Data records:
╭──

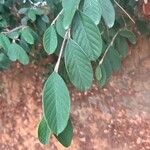 Cotoneaster pannosus Foglia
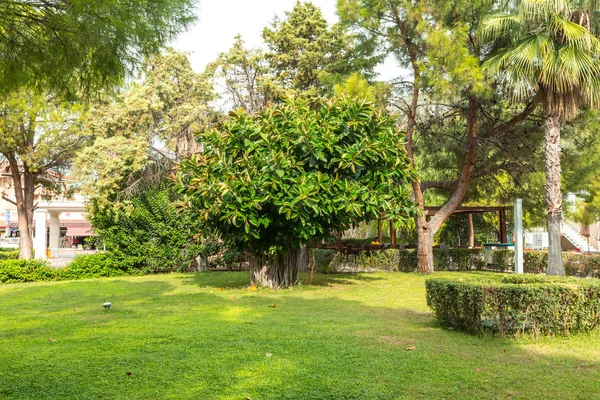 Giardino Con Belle Piante Tropicali Verdi — Foto Stock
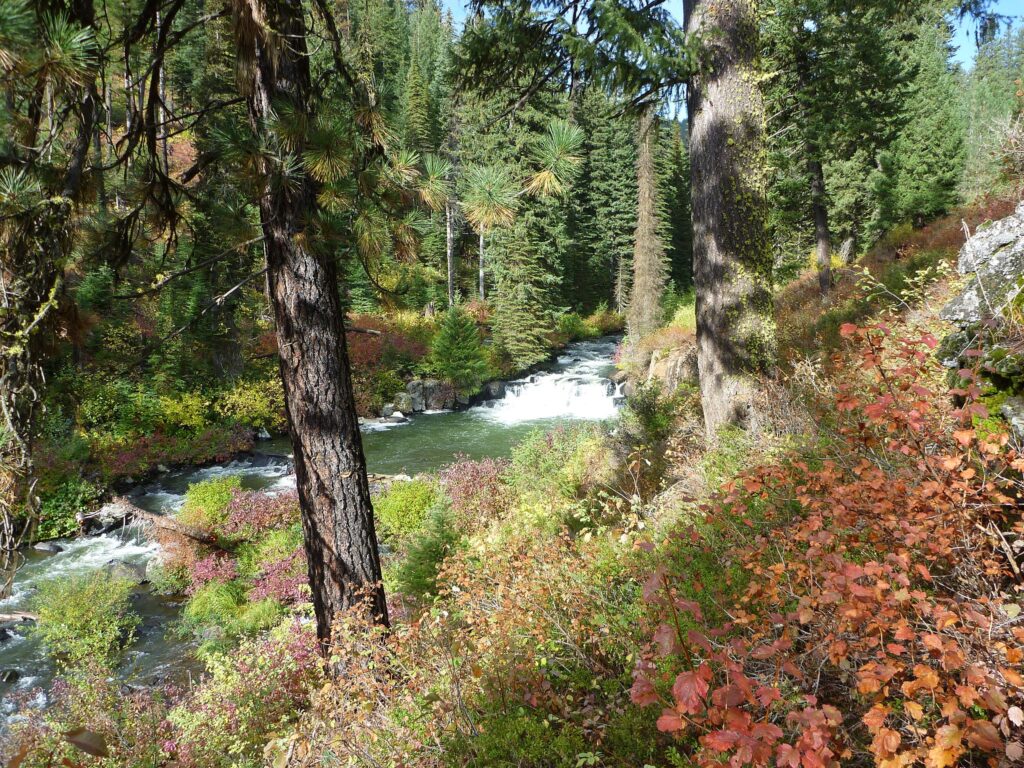 Best Hikes In Beautiful Payette National Forest, Idaho - Pine Coast Hiking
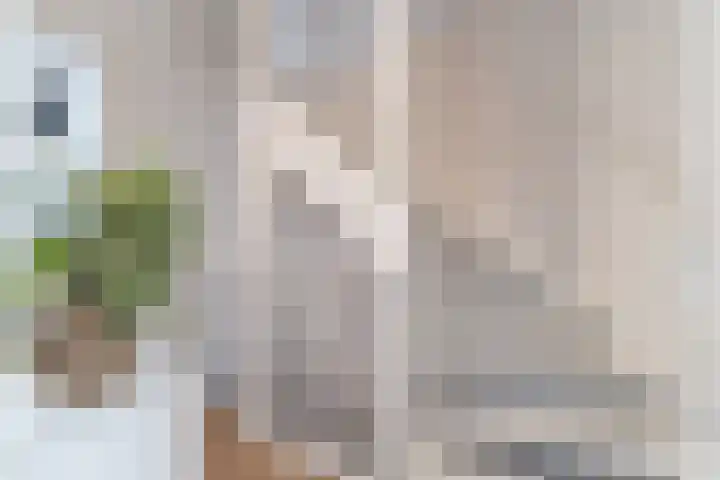 Veenendaalstraat 111 Tilburg thumbnail 27
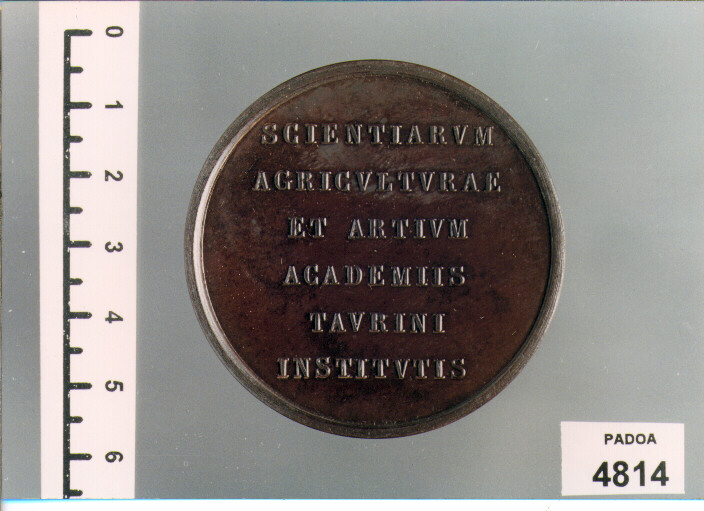 MEDAGLIA di LAVY (SEC. XIX D.C)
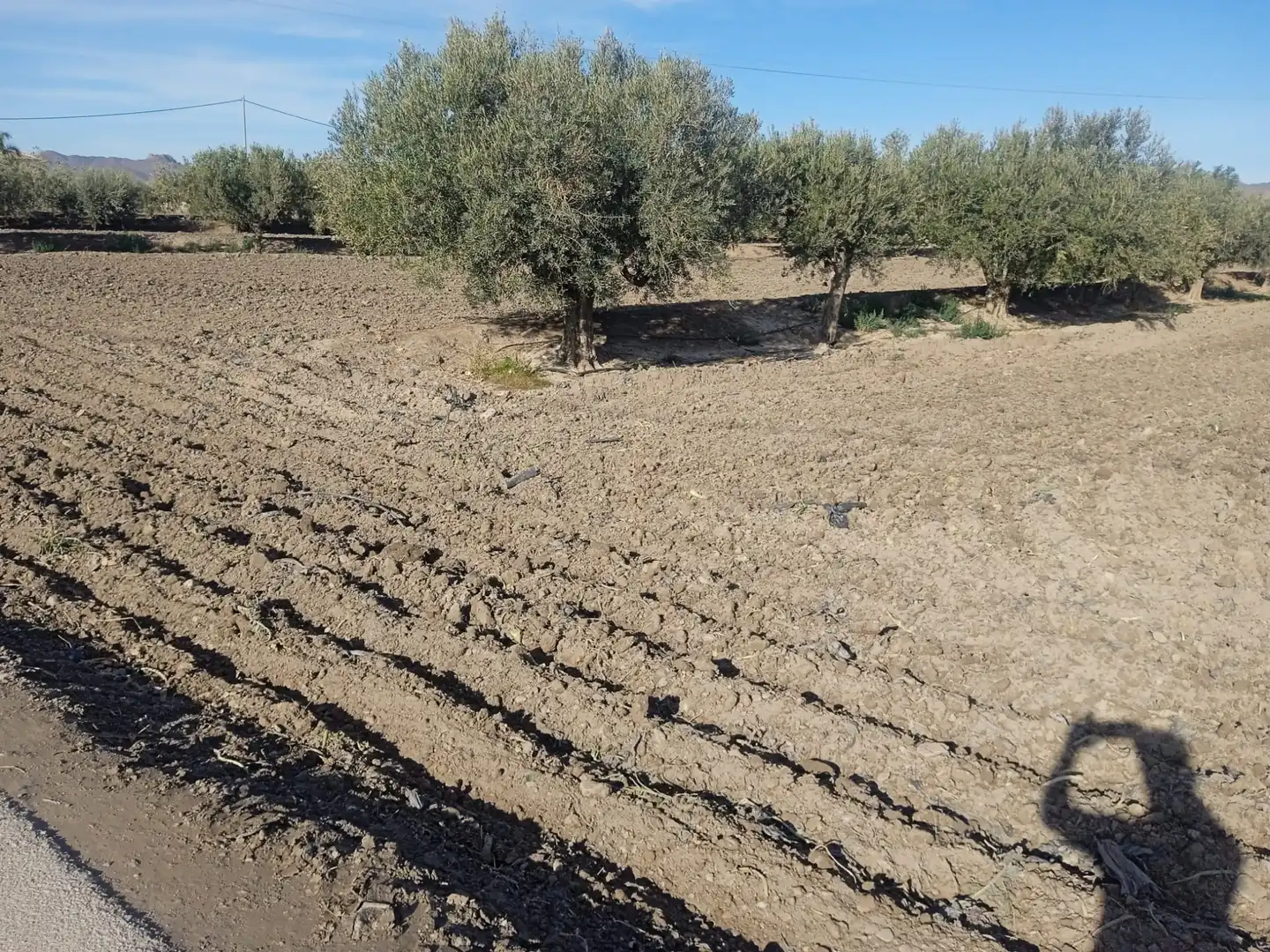 Rural land for sale in Puerto Lumbreras, imagen 4
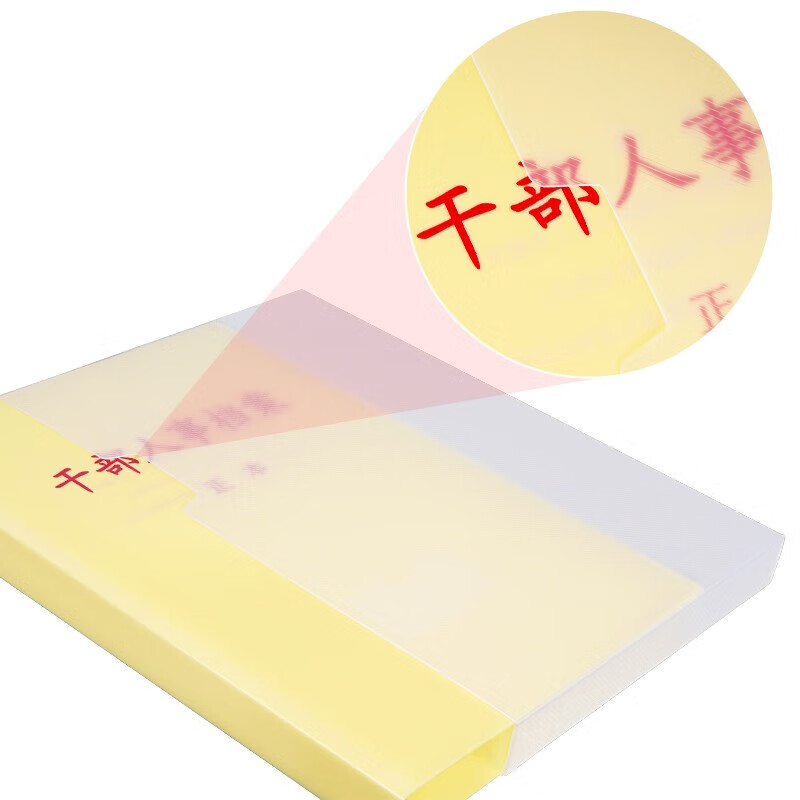 西玛（SIMAA）干部人事档案盒三柱蛇簧夹人事档案盒 A4新标准干部廉政职工党员档案盒定制10个装 其他档案盒定制请联系客服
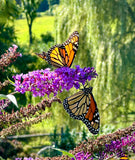 Monarch Butterflies, Scotch Hill Farm (unframed)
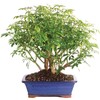 Brussel's Bonsai Live Hawaiian Umbrella Bonsai Tree - Large, 7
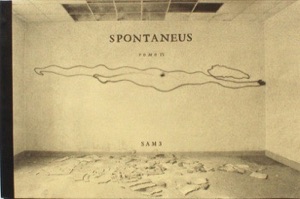 Spontaneus Tomo IV.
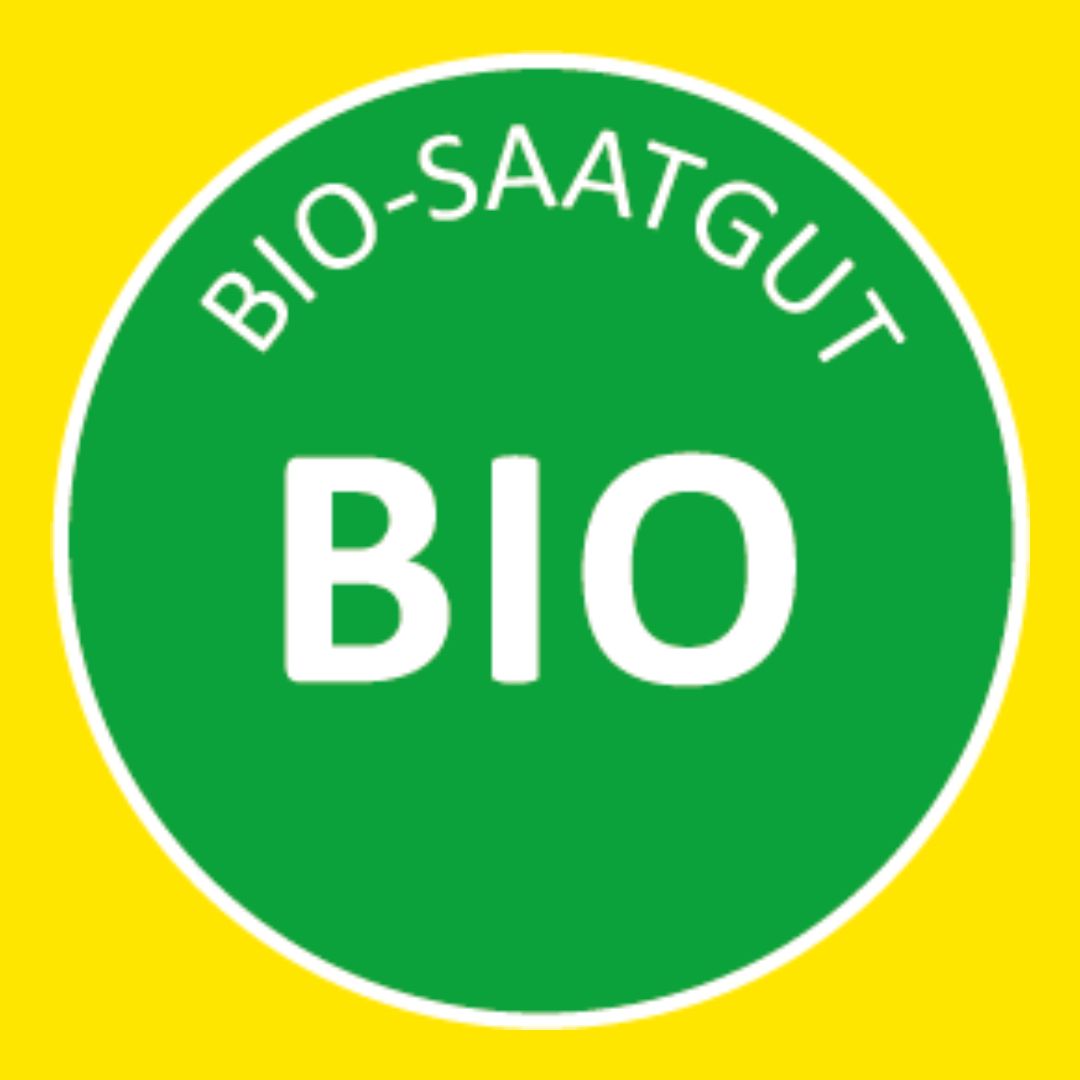 Saatgut in Bio-Qualität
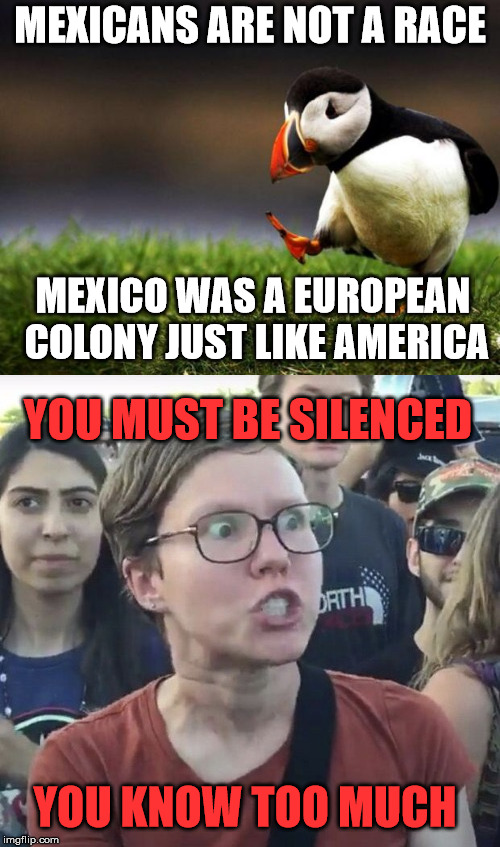 MEXICANS ARE NOT A RACE; MEXICO WAS A EUROPEAN COLONY JUST LIKE AMERICA; YOU MUST BE SILENCED; YOU KNOW TOO MUCH | image tagged in unpopular opinion puffin,triggered liberal | made w/ Imgflip meme maker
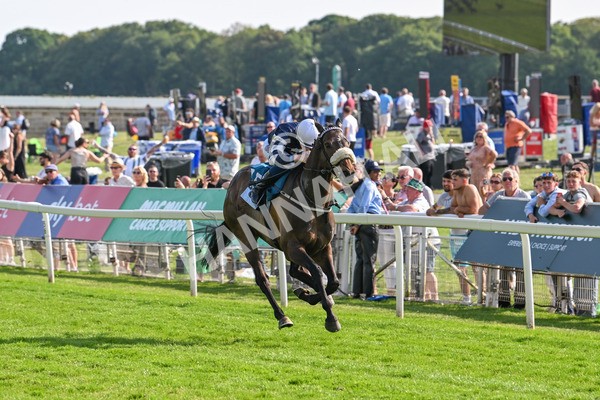 130625-Race 7-Dawn Of Liberation-0162 - Race 7 5.20pm Irish Thoroughbred Marketing Handicap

╰──

What you have to do: Would you set down the records above once more, exactly, with the pictures removed?

Solution to the problem:
 Cotoneaster pannosus Foglia
 Giardino Con Belle Piante Tropicali Verdi — Foto Stock
 Best Hikes In Beautiful Payette National Forest, Idaho - Pine Coast Hiking
 Veenendaalstraat 111 Tilburg thumbnail 27
 MEDAGLIA di LAVY (SEC. XIX D.C)
 Rural land for sale in Puerto Lumbreras, imagen 4
 西玛（SIMAA）干部人事档案盒三柱蛇簧夹人事档案盒 A4新标准干部廉政职工党员档案盒定制10个装 其他档案盒定制请联系客服
 Monarch Butterflies, Scotch Hill Farm (unframed)
 Brussel's Bonsai Live Hawaiian Umbrella Bonsai Tree - Large, 7
 Spontaneus Tomo IV.
 Saatgut in Bio-Qualität
 MEXICANS ARE NOT A RACE; MEXICO WAS A EUROPEAN COLONY JUST LIKE AMERICA; YOU MUST BE SILENCED; YOU KNOW TOO MUCH | image tagged in unpopular opinion puffin,triggered liberal | made w/ Imgflip meme maker
 130625-Race 7-Dawn Of Liberation-0162 - Race 7 5.20pm Irish Thoroughbred Marketing Handicap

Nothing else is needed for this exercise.